[What is required] For this exercise, restate the data below with no change at all.

[Source material]

━━━━

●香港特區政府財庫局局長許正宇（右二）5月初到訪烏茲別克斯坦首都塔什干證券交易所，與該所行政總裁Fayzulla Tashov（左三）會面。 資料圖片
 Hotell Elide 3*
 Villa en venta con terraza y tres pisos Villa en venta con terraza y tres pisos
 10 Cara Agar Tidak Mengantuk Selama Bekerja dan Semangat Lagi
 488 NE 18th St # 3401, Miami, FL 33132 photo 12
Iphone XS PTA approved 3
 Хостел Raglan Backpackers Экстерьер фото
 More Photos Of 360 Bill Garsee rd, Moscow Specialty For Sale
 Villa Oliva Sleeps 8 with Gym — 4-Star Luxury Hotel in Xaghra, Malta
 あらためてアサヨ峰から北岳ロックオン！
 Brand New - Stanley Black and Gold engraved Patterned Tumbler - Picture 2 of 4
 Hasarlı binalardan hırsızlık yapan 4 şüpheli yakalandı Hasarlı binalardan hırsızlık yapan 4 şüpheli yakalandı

━━━━

[Problem solution]
●香港特區政府財庫局局長許正宇（右二）5月初到訪烏茲別克斯坦首都塔什干證券交易所，與該所行政總裁Fayzulla Tashov（左三）會面。 資料圖片
 Hotell Elide 3*
 Villa en venta con terraza y tres pisos Villa en venta con terraza y tres pisos
 10 Cara Agar Tidak Mengantuk Selama Bekerja dan Semangat Lagi
 488 NE 18th St # 3401, Miami, FL 33132 photo 12
Iphone XS PTA approved 3
 Хостел Raglan Backpackers Экстерьер фото
 More Photos Of 360 Bill Garsee rd, Moscow Specialty For Sale
 Villa Oliva Sleeps 8 with Gym — 4-Star Luxury Hotel in Xaghra, Malta
 あらためてアサヨ峰から北岳ロックオン！
 Brand New - Stanley Black and Gold engraved Patterned Tumbler - Picture 2 of 4
 Hasarlı binalardan hırsızlık yapan 4 şüpheli yakalandı Hasarlı binalardan hırsızlık yapan 4 şüpheli yakalandı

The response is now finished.